Good question! I also ask myself the same question because it worries me too!
Do you have any plans to protect LastPass from these attacks?
The nature of this should not be just marked INFORMATIVE, we need to know what settings we should change at the least to help protect us paying LastPass users. Too much is riding on this. Hopefully it is fixed completely, but in the meantime, what should we do? I'm assuming turning off auto-fill, is there other settings that we should be doing?
That's what I came here to find out. When will LastPass fix this vulnerability? I don't feel my data is safe.
WE NEED AN ANSWER TO THIS ASAP
Totally agree, we need an answer about this ! I am not confident on the vulnerability management by Lastpass and this caes is a good exemple
Came looking for an answer. I'd expect more than informative considering the product is 0, 1, or 2 clicks away from compromising your customers information.
Escalate and let customers know what's going on.
I had also asked this of LastPass support. Here is their reply (followed by my comments):
*****
At LastPass, we recognize and deeply appreciate the work of security researchers like Marek Tóth, whose efforts help uncover vulnerabilities, raise awareness about emerging threats, and ultimately drive the entire industry forward.
Marek’s recent discovery of a clickjacking vulnerability highlights a broader challenge that all password managers face: how to balance user experience and convenience with the need to stay ahead of evolving threat models. It’s a delicate equation—and one we’re constantly working to refine.
To address this specific issue, LastPass has implemented several safeguards, including a pop-up notification that appears before auto-filling credit card and personal information across all websites. These measures are part of our ongoing commitment to protect users without compromising the seamless experience they expect.
Our Threat Intelligence, Mitigation, and Escalation (TIME) team continues to monitor the landscape closely and encourages all password manager users to remain vigilant. That means avoiding suspicious overlays or pop-ups and keeping your LastPass extensions up to date.
Security is a shared responsibility—and we’re grateful to researchers like Marek who help make the digital world safer for everyone.
It's all true, but it doesn't help much.
Tóth made recommendations about how webpages (which, I guess? .. includes LastPass' code running in the context of a page in a browser) could attempt to detect and defend against these attacks, such as monitoring for anything trying to display with (near-)zero opacity.
I opened a LastPass support case about this question. All I got back was the same empty (as in, doesn't actually tell us what they're doing, only tells us that we users share some responsibility, and that it's a hard problem). I fed back to them that LastPass is in a far better position to use its technology to detect environments within which the LastPass browser extension finds itself functioning which could be considered suspicious (a bit like Microsoft Entra ID's Conditional Access) and take more protective steps under the circumstances. All they replied with was:
"Thank you for that great insight. We are taking everything into consideration and your security is our top priority."
.. and this sticky thread:
https://support.lastpass.com/s/question/0D5TP00000gjc4D0AQ/clickjacking-and-lastpass-what-you-need-to-know
.. which states that they WILL be adding code to detect zero opacity in a forthcoming update to the LastPass browser extenion.
That's the only mitigation they describe that they're working on at the moment.
"We're doing something. About some of it."
That's good. As far as it goes. It's not at all enough.
We know, this is hard. Virtually impossible.
We're not asking LastPass for perfection, just transparency and faster response.
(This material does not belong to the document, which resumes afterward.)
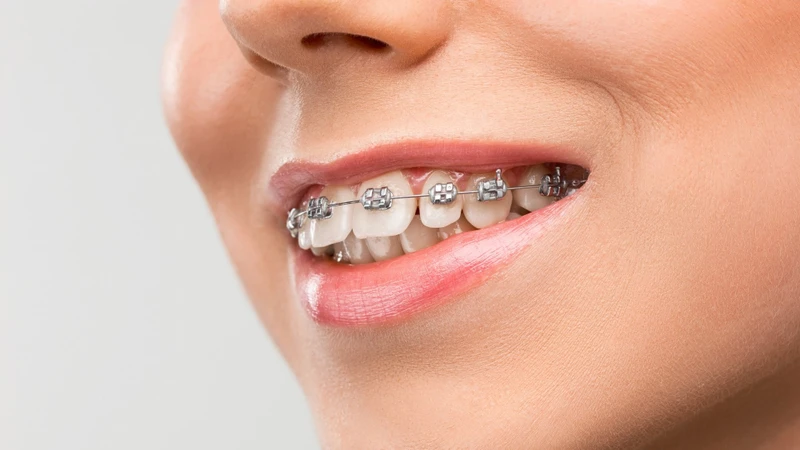 Răng lệch lạc càng nhiều thì chi phí niềng răng 2 hàm thường càng cao do mức độ điều trị phức tạp hơn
What are the remaining threat vectors exposed by Tóth's recent research?
How is LastPass addressing each?
Hello, and thank you for your concerns.
We take this and all threats very seriously. We listen to our customer feedback and are actively monitoring all discussions on this topic and are making additional updates to protect your security.
A new background security rule is in flight and will be included in an upcoming browser extension release that is expected in the next version 4.146.6 by August 29th. This enhancement detects the most common clickjacking tactic which employs highjack elements hidden with ‘0 opacity’ and will block autofilling when detected on a website. Note, not all variants of clickjacking attacks rely on opacity, so we’re continuing to evaluate broader protections as well.